As first reported by Bonus, Chumba Casino and Luckyland Slots announced their decision to leave the market on Oct. 25, 2023. At the time, the operator described this as a “business decision.”
That decision came shortly after the MGCB cracked down on another free-to-play casino, Golden Hearts, and issued its ruling against picks-style daily fantasy sports. However, the MGCB says VGW only received its official cease-and-desist on Dec. 5, 2023.
Although VGW’s sites disabled purchases as of Nov. 1, 2023, they had planned to allow customers to continue playing and redeeming prizes until Feb. 1, 2024.
The Internet Archive’s Wayback Machine shows that PredictionStrike had not yet listed Michigan as an excluded state on Sep. 25, 2023. By Jan. 16, 2024, it had. However, there are no archived versions of the site between those dates, so it’s impossible to determine when it made that decision.

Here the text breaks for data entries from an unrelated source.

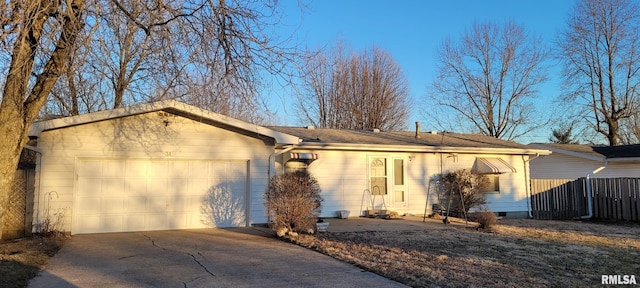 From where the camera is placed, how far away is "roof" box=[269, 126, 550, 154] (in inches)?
561

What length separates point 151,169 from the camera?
1148 cm

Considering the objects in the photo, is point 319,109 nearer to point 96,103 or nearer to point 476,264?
point 96,103

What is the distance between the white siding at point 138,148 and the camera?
412 inches

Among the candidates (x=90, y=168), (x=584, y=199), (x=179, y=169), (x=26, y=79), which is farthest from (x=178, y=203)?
(x=584, y=199)

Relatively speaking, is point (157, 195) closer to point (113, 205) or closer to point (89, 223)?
point (113, 205)

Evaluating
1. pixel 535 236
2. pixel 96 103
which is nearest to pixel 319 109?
pixel 96 103

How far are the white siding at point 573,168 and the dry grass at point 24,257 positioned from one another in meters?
19.9

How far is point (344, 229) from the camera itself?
11.5 metres

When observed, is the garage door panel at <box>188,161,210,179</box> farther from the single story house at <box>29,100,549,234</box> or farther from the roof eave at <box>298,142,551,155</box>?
the roof eave at <box>298,142,551,155</box>

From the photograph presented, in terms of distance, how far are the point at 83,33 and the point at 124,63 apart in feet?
32.4

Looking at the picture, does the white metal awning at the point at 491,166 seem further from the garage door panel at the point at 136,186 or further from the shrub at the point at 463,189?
the garage door panel at the point at 136,186

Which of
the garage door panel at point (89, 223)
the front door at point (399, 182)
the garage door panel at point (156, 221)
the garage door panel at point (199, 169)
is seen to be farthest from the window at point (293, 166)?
the garage door panel at point (89, 223)

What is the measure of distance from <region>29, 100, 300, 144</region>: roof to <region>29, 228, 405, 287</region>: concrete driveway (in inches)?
105

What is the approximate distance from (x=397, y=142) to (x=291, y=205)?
6593 mm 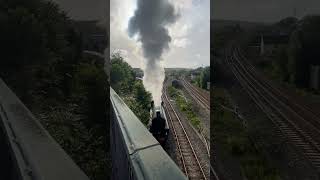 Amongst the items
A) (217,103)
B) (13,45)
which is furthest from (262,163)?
(13,45)

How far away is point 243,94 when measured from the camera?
13.5 feet

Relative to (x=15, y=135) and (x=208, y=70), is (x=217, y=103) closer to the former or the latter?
(x=208, y=70)

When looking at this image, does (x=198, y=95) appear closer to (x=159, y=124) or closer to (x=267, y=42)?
(x=159, y=124)

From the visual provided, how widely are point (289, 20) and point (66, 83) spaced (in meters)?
2.46

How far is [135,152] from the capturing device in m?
2.49

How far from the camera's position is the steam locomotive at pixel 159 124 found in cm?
384

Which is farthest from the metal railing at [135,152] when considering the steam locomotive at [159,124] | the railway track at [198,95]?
the railway track at [198,95]

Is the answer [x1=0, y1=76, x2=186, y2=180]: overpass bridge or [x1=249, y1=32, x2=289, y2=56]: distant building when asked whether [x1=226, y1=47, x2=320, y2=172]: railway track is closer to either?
[x1=249, y1=32, x2=289, y2=56]: distant building

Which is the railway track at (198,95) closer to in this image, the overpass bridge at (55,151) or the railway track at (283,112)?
the railway track at (283,112)

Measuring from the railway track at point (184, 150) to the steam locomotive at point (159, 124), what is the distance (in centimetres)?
9

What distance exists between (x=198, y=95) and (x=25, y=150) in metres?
2.04

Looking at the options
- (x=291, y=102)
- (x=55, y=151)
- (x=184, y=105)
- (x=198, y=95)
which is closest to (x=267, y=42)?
(x=291, y=102)

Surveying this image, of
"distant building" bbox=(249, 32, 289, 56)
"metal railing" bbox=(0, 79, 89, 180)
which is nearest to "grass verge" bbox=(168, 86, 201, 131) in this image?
"distant building" bbox=(249, 32, 289, 56)

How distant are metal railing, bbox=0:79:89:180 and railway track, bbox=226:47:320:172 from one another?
215 cm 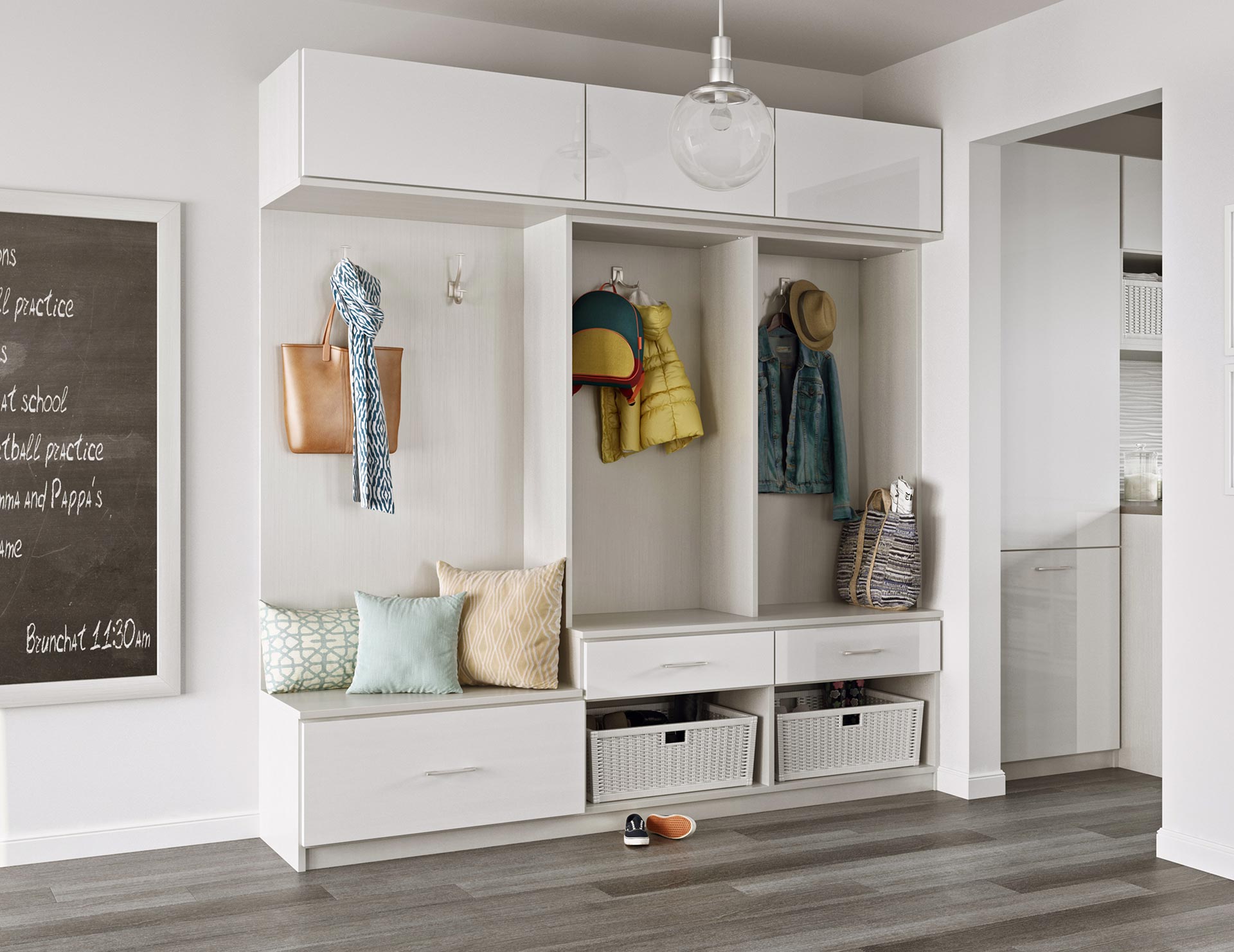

None of the sweepstakes social casino operators reviewed by Bonus still serve Michigan. Fortune Coins was the last to leave, at some point since Jan. 11—before that, its terms & conditions stated that determining compliance with state laws was the player’s responsibility. Zula left just before, on Jan. 10.
The Changing Landscape for Social Gaming Sites
Because it is based on federal law, the sweepstakes casino business model isn’t explicitly addressed by most states’ laws. These sites remain legal and available in over 40 states, but the situation is dynamic. Federal sweepstakes law makes these sites legal by default, but regulators, lawmakers or courts can move to ban them much more readily than than they can a regulated product.
Aside from Michigan, the two states with clear policies against sweepstakes sites are Idaho and Washington. None of the sites reviewed by Bonus serve those states with the sweepstakes model—though some allow for-fun play in Idaho without the chance to win prizes.
Certain sites exclude a few other states electively. Stake.us is the most conservative in this regard, excluding the usual three (ID, MI, WA) plus:
- New York
However, it pays out its prizes in cryptocurrency, another novel and legally complicated feature that may have influenced some of those decisions. Some other sites have excluded one or two additional states on that list, while VGW’s remain available in 47 states and the District of Columbia.